■ WHAT YOU ARE ASKED TO DO: The answer must be the full set of records, repeated exactly.

■ ENTRIES SHOWN:
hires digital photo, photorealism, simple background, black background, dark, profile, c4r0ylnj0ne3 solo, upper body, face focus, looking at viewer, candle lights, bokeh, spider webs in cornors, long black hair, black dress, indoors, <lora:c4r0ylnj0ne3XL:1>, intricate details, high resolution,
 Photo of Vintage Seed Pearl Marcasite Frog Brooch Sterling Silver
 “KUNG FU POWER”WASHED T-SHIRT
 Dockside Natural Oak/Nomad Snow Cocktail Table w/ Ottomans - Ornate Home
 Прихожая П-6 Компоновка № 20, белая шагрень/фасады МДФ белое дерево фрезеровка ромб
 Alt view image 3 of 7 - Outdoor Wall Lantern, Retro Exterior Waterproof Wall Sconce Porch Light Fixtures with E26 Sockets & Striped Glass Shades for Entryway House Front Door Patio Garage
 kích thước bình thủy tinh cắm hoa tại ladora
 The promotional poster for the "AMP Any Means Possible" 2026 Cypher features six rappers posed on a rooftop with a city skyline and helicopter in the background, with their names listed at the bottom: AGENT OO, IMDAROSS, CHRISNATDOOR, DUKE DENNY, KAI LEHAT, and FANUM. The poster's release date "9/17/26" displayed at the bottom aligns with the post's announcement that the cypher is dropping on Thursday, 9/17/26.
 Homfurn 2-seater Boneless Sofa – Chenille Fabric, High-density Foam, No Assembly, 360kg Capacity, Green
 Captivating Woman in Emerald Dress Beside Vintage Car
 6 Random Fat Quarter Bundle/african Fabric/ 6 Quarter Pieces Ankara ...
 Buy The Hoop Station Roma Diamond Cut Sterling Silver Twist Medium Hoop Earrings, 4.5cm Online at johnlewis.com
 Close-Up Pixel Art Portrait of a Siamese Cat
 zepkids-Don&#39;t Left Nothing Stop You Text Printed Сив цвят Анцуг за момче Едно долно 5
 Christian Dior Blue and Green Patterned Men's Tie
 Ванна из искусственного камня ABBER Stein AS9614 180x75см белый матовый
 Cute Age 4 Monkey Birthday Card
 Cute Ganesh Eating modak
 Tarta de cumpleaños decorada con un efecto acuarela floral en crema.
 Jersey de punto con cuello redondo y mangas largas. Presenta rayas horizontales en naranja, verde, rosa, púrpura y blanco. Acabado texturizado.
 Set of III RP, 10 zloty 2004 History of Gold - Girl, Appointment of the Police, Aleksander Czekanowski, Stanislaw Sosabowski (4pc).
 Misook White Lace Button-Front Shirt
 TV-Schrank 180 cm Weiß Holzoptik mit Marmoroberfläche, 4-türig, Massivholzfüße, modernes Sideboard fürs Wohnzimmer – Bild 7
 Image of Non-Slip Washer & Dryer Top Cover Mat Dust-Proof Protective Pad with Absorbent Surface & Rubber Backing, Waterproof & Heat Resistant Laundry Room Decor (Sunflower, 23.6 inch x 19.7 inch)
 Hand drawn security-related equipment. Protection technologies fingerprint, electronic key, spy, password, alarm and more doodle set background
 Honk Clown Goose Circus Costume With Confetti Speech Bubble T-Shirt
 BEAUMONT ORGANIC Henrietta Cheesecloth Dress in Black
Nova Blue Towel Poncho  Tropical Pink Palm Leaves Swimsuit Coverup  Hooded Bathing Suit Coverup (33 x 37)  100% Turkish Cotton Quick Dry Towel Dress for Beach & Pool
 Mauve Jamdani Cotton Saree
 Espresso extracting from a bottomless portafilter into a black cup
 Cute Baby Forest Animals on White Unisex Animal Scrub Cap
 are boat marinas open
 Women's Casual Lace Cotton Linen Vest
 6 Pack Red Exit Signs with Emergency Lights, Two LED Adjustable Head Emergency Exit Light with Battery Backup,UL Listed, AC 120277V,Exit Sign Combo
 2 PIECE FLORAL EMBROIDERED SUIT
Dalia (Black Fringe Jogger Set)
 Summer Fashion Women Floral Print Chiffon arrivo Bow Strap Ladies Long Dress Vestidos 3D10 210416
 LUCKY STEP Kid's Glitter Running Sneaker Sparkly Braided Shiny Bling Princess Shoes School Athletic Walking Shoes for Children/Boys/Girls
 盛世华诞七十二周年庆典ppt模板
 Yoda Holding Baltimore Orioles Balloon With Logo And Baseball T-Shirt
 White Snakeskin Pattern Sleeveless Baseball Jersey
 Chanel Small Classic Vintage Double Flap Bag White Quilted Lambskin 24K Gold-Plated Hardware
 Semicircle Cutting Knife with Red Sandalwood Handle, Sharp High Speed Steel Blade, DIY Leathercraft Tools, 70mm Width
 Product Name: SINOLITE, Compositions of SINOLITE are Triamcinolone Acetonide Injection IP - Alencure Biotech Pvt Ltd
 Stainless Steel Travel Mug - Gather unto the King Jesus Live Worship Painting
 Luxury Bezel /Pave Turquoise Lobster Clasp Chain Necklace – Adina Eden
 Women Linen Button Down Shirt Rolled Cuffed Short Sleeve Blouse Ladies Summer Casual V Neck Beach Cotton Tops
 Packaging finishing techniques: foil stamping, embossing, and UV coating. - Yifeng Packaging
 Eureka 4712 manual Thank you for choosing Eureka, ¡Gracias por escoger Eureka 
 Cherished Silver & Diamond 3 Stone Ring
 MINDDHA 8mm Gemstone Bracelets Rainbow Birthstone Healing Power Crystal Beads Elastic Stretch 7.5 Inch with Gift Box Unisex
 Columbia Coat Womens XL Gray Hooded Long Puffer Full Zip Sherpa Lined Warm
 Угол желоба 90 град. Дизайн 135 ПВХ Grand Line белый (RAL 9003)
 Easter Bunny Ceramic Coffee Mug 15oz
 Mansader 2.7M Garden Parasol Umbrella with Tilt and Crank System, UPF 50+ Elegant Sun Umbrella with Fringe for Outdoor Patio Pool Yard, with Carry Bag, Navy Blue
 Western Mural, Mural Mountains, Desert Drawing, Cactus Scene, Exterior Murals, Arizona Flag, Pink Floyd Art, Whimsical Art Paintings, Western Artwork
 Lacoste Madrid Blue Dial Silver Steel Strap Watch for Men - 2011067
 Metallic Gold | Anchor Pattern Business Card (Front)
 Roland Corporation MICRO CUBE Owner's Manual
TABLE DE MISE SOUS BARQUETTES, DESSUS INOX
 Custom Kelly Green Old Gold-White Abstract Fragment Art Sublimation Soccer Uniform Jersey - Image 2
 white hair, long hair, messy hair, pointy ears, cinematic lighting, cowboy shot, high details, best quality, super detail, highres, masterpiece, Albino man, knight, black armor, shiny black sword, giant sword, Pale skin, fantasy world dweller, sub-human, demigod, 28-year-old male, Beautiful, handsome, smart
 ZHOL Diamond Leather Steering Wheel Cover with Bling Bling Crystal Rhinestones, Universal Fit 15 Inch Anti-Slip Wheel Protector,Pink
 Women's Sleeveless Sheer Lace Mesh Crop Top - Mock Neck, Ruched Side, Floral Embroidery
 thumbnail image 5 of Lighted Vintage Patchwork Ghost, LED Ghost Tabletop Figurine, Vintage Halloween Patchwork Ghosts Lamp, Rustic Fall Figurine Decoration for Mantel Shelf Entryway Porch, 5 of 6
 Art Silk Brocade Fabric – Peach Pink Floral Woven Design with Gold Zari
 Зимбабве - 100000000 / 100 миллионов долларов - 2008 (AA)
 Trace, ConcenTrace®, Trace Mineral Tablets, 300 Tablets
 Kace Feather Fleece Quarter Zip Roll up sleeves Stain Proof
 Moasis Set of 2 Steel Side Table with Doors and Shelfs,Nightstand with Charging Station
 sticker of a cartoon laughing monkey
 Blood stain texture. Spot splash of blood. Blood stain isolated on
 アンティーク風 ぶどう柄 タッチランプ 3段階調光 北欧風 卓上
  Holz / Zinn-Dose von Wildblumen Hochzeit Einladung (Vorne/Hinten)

■ RESPONSE:
hires digital photo, photorealism, simple background, black background, dark, profile, c4r0ylnj0ne3 solo, upper body, face focus, looking at viewer, candle lights, bokeh, spider webs in cornors, long black hair, black dress, indoors, <lora:c4r0ylnj0ne3XL:1>, intricate details, high resolution,
 Photo of Vintage Seed Pearl Marcasite Frog Brooch Sterling Silver
 “KUNG FU POWER”WASHED T-SHIRT
 Dockside Natural Oak/Nomad Snow Cocktail Table w/ Ottomans - Ornate Home
 Прихожая П-6 Компоновка № 20, белая шагрень/фасады МДФ белое дерево фрезеровка ромб
 Alt view image 3 of 7 - Outdoor Wall Lantern, Retro Exterior Waterproof Wall Sconce Porch Light Fixtures with E26 Sockets & Striped Glass Shades for Entryway House Front Door Patio Garage
 kích thước bình thủy tinh cắm hoa tại ladora
 The promotional poster for the "AMP Any Means Possible" 2026 Cypher features six rappers posed on a rooftop with a city skyline and helicopter in the background, with their names listed at the bottom: AGENT OO, IMDAROSS, CHRISNATDOOR, DUKE DENNY, KAI LEHAT, and FANUM. The poster's release date "9/17/26" displayed at the bottom aligns with the post's announcement that the cypher is dropping on Thursday, 9/17/26.
 Homfurn 2-seater Boneless Sofa – Chenille Fabric, High-density Foam, No Assembly, 360kg Capacity, Green
 Captivating Woman in Emerald Dress Beside Vintage Car
 6 Random Fat Quarter Bundle/african Fabric/ 6 Quarter Pieces Ankara ...
 Buy The Hoop Station Roma Diamond Cut Sterling Silver Twist Medium Hoop Earrings, 4.5cm Online at johnlewis.com
 Close-Up Pixel Art Portrait of a Siamese Cat
 zepkids-Don&#39;t Left Nothing Stop You Text Printed Сив цвят Анцуг за момче Едно долно 5
 Christian Dior Blue and Green Patterned Men's Tie
 Ванна из искусственного камня ABBER Stein AS9614 180x75см белый матовый
 Cute Age 4 Monkey Birthday Card
 Cute Ganesh Eating modak
 Tarta de cumpleaños decorada con un efecto acuarela floral en crema.
 Jersey de punto con cuello redondo y mangas largas. Presenta rayas horizontales en naranja, verde, rosa, púrpura y blanco. Acabado texturizado.
 Set of III RP, 10 zloty 2004 History of Gold - Girl, Appointment of the Police, Aleksander Czekanowski, Stanislaw Sosabowski (4pc).
 Misook White Lace Button-Front Shirt
 TV-Schrank 180 cm Weiß Holzoptik mit Marmoroberfläche, 4-türig, Massivholzfüße, modernes Sideboard fürs Wohnzimmer – Bild 7
 Image of Non-Slip Washer & Dryer Top Cover Mat Dust-Proof Protective Pad with Absorbent Surface & Rubber Backing, Waterproof & Heat Resistant Laundry Room Decor (Sunflower, 23.6 inch x 19.7 inch)
 Hand drawn security-related equipment. Protection technologies fingerprint, electronic key, spy, password, alarm and more doodle set background
 Honk Clown Goose Circus Costume With Confetti Speech Bubble T-Shirt
 BEAUMONT ORGANIC Henrietta Cheesecloth Dress in Black
Nova Blue Towel Poncho  Tropical Pink Palm Leaves Swimsuit Coverup  Hooded Bathing Suit Coverup (33 x 37)  100% Turkish Cotton Quick Dry Towel Dress for Beach & Pool
 Mauve Jamdani Cotton Saree
 Espresso extracting from a bottomless portafilter into a black cup
 Cute Baby Forest Animals on White Unisex Animal Scrub Cap
 are boat marinas open
 Women's Casual Lace Cotton Linen Vest
 6 Pack Red Exit Signs with Emergency Lights, Two LED Adjustable Head Emergency Exit Light with Battery Backup,UL Listed, AC 120277V,Exit Sign Combo
 2 PIECE FLORAL EMBROIDERED SUIT
Dalia (Black Fringe Jogger Set)
 Summer Fashion Women Floral Print Chiffon arrivo Bow Strap Ladies Long Dress Vestidos 3D10 210416
 LUCKY STEP Kid's Glitter Running Sneaker Sparkly Braided Shiny Bling Princess Shoes School Athletic Walking Shoes for Children/Boys/Girls
 盛世华诞七十二周年庆典ppt模板
 Yoda Holding Baltimore Orioles Balloon With Logo And Baseball T-Shirt
 White Snakeskin Pattern Sleeveless Baseball Jersey
 Chanel Small Classic Vintage Double Flap Bag White Quilted Lambskin 24K Gold-Plated Hardware
 Semicircle Cutting Knife with Red Sandalwood Handle, Sharp High Speed Steel Blade, DIY Leathercraft Tools, 70mm Width
 Product Name: SINOLITE, Compositions of SINOLITE are Triamcinolone Acetonide Injection IP - Alencure Biotech Pvt Ltd
 Stainless Steel Travel Mug - Gather unto the King Jesus Live Worship Painting
 Luxury Bezel /Pave Turquoise Lobster Clasp Chain Necklace – Adina Eden
 Women Linen Button Down Shirt Rolled Cuffed Short Sleeve Blouse Ladies Summer Casual V Neck Beach Cotton Tops
 Packaging finishing techniques: foil stamping, embossing, and UV coating. - Yifeng Packaging
 Eureka 4712 manual Thank you for choosing Eureka, ¡Gracias por escoger Eureka 
 Cherished Silver & Diamond 3 Stone Ring
 MINDDHA 8mm Gemstone Bracelets Rainbow Birthstone Healing Power Crystal Beads Elastic Stretch 7.5 Inch with Gift Box Unisex
 Columbia Coat Womens XL Gray Hooded Long Puffer Full Zip Sherpa Lined Warm
 Угол желоба 90 град. Дизайн 135 ПВХ Grand Line белый (RAL 9003)
 Easter Bunny Ceramic Coffee Mug 15oz
 Mansader 2.7M Garden Parasol Umbrella with Tilt and Crank System, UPF 50+ Elegant Sun Umbrella with Fringe for Outdoor Patio Pool Yard, with Carry Bag, Navy Blue
 Western Mural, Mural Mountains, Desert Drawing, Cactus Scene, Exterior Murals, Arizona Flag, Pink Floyd Art, Whimsical Art Paintings, Western Artwork
 Lacoste Madrid Blue Dial Silver Steel Strap Watch for Men - 2011067
 Metallic Gold | Anchor Pattern Business Card (Front)
 Roland Corporation MICRO CUBE Owner's Manual
TABLE DE MISE SOUS BARQUETTES, DESSUS INOX
 Custom Kelly Green Old Gold-White Abstract Fragment Art Sublimation Soccer Uniform Jersey - Image 2
 white hair, long hair, messy hair, pointy ears, cinematic lighting, cowboy shot, high details, best quality, super detail, highres, masterpiece, Albino man, knight, black armor, shiny black sword, giant sword, Pale skin, fantasy world dweller, sub-human, demigod, 28-year-old male, Beautiful, handsome, smart
 ZHOL Diamond Leather Steering Wheel Cover with Bling Bling Crystal Rhinestones, Universal Fit 15 Inch Anti-Slip Wheel Protector,Pink
 Women's Sleeveless Sheer Lace Mesh Crop Top - Mock Neck, Ruched Side, Floral Embroidery
 thumbnail image 5 of Lighted Vintage Patchwork Ghost, LED Ghost Tabletop Figurine, Vintage Halloween Patchwork Ghosts Lamp, Rustic Fall Figurine Decoration for Mantel Shelf Entryway Porch, 5 of 6
 Art Silk Brocade Fabric – Peach Pink Floral Woven Design with Gold Zari
 Зимбабве - 100000000 / 100 миллионов долларов - 2008 (AA)
 Trace, ConcenTrace®, Trace Mineral Tablets, 300 Tablets
 Kace Feather Fleece Quarter Zip Roll up sleeves Stain Proof
 Moasis Set of 2 Steel Side Table with Doors and Shelfs,Nightstand with Charging Station
 sticker of a cartoon laughing monkey
 Blood stain texture. Spot splash of blood. Blood stain isolated on
 アンティーク風 ぶどう柄 タッチランプ 3段階調光 北欧風 卓上
  Holz / Zinn-Dose von Wildblumen Hochzeit Einladung (Vorne/Hinten)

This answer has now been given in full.